## THE PROBLEM
Could you copy every line in the listing below that has the word "Autumn"?
════
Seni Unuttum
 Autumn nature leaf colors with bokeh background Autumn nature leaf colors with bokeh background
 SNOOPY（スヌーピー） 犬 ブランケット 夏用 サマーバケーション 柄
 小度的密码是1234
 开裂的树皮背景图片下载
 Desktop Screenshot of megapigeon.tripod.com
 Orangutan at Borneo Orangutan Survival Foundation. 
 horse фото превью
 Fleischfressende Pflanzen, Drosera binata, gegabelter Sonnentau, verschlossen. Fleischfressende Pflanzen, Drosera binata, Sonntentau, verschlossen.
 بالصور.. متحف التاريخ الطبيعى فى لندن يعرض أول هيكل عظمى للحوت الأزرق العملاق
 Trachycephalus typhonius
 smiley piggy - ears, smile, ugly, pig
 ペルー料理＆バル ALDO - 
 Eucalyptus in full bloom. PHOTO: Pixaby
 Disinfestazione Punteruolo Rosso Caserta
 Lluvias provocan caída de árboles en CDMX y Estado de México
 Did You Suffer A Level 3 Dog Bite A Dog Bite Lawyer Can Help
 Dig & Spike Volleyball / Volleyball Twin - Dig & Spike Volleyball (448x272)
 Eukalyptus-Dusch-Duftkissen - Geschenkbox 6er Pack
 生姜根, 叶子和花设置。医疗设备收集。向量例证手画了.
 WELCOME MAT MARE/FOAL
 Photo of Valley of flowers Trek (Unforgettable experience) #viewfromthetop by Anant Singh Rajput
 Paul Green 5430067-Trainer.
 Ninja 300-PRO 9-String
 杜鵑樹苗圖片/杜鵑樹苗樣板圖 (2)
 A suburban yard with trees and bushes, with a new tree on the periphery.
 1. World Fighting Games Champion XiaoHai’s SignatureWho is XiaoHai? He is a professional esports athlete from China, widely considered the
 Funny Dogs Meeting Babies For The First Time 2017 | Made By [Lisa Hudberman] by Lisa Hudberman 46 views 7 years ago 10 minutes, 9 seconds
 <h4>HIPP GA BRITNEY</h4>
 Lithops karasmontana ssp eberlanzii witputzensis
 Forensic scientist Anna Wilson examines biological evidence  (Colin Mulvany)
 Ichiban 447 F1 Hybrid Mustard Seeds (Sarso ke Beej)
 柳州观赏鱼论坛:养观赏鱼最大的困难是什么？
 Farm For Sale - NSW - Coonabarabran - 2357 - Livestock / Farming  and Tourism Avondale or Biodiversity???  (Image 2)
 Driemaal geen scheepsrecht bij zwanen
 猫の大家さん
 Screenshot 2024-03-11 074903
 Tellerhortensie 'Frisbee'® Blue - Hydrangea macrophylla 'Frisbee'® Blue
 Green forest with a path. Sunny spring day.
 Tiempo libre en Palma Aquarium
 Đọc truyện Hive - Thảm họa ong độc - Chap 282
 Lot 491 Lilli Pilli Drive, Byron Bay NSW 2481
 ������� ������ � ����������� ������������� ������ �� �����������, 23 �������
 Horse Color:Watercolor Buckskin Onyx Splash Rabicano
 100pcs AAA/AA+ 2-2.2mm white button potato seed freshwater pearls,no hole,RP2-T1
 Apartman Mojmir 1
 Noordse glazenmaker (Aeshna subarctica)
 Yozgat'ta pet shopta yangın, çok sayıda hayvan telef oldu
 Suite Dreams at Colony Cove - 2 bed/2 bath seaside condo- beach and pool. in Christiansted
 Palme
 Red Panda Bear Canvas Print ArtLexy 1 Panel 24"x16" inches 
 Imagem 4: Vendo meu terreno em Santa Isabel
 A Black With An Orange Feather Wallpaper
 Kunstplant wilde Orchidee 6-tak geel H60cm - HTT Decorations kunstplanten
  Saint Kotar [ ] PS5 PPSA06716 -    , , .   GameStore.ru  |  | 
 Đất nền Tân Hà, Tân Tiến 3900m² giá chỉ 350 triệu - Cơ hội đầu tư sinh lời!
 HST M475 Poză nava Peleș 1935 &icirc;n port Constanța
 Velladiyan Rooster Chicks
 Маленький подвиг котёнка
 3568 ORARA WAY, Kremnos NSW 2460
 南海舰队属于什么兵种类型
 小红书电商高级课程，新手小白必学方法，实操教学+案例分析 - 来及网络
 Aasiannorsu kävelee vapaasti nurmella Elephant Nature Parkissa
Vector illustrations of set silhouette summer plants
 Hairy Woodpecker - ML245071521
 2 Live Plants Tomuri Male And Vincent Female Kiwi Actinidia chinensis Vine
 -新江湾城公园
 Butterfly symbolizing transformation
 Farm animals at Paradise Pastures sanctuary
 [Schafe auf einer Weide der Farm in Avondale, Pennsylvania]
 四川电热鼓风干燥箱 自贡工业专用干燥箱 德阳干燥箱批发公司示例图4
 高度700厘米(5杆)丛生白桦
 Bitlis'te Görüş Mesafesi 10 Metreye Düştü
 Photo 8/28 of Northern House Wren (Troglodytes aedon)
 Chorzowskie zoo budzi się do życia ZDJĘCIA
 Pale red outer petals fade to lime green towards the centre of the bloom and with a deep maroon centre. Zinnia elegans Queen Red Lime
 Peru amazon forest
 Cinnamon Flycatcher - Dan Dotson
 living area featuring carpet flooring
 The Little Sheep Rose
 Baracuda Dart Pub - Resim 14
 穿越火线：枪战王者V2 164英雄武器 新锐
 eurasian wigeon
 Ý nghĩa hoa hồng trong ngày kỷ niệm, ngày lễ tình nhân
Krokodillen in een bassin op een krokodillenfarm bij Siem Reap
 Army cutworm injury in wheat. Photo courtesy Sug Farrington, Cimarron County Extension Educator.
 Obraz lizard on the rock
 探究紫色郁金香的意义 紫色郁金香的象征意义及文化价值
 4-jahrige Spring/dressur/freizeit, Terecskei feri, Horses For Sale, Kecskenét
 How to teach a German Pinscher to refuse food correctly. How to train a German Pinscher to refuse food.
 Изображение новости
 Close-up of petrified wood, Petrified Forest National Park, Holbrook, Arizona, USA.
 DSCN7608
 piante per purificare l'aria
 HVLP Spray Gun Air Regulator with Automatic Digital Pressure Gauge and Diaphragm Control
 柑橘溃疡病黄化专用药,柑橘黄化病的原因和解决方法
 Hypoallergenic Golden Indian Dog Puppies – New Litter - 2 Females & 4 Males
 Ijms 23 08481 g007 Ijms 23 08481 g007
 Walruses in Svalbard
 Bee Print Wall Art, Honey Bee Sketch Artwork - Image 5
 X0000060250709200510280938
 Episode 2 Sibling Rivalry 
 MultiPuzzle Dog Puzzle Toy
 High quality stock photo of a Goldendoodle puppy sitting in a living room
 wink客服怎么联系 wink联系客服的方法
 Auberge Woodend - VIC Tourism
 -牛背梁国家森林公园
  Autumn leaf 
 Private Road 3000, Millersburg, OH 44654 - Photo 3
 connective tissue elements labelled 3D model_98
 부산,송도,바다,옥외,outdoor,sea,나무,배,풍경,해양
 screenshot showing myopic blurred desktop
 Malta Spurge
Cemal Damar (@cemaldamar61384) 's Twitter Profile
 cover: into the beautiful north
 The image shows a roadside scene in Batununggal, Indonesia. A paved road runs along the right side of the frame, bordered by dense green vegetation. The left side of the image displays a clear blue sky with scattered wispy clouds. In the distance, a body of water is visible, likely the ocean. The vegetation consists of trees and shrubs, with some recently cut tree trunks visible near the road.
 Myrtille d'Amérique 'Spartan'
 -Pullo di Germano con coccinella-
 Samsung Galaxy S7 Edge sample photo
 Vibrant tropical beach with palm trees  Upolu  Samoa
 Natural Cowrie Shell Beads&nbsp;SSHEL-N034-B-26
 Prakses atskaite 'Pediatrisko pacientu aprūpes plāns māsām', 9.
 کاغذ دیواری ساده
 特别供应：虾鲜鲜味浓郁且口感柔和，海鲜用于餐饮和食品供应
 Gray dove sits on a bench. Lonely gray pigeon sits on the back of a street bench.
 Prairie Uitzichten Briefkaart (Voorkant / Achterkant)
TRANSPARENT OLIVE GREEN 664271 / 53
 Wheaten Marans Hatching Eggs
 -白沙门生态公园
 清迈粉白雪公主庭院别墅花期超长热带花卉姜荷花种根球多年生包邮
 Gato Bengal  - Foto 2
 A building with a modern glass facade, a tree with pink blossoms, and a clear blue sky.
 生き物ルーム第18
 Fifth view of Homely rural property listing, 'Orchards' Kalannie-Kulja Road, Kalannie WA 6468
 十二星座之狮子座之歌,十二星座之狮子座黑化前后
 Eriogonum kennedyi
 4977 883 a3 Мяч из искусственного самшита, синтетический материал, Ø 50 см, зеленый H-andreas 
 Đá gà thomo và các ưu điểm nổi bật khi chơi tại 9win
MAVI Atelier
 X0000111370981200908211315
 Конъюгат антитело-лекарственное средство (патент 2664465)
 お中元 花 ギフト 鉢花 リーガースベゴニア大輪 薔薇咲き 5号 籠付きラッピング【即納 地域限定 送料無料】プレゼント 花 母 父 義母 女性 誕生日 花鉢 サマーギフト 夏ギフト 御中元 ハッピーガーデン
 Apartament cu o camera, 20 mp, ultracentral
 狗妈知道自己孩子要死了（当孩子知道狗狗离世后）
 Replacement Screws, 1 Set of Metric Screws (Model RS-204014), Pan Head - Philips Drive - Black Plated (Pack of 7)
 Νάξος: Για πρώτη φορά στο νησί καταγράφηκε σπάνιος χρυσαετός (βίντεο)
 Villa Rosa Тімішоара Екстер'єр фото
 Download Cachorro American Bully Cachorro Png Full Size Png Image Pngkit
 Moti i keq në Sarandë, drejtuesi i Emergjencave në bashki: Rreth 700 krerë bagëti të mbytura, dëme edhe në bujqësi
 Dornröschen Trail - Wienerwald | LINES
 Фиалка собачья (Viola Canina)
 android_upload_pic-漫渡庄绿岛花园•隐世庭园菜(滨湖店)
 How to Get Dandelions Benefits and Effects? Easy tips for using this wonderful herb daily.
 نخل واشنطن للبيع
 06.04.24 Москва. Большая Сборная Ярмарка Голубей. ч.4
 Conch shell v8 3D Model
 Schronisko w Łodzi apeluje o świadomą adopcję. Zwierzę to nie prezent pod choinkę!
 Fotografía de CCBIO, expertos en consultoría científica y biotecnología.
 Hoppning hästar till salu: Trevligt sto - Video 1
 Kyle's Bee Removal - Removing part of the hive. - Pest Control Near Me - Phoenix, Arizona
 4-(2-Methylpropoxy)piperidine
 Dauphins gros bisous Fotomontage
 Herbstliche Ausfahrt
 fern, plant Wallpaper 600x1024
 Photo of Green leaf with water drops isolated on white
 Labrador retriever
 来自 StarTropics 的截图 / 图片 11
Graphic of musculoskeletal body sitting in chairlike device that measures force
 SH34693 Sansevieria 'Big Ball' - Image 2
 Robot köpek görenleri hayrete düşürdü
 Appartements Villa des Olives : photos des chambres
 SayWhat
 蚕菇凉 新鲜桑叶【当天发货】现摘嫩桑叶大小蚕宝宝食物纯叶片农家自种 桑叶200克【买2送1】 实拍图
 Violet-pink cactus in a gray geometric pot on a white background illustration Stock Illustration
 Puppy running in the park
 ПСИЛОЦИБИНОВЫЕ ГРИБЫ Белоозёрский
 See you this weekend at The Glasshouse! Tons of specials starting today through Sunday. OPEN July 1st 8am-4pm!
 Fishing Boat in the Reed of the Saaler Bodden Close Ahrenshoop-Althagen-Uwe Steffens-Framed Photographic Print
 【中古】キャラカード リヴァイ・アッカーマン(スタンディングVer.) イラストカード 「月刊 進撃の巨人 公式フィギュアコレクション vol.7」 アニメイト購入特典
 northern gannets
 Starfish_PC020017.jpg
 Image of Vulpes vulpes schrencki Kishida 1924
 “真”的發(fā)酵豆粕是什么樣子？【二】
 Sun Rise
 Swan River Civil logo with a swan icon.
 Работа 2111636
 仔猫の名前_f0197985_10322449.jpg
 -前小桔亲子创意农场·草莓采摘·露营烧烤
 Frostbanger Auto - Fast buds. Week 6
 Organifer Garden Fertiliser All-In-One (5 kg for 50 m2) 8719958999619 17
════
## REPLY
 Autumn nature leaf colors with bokeh background Autumn nature leaf colors with bokeh background
  Autumn leaf 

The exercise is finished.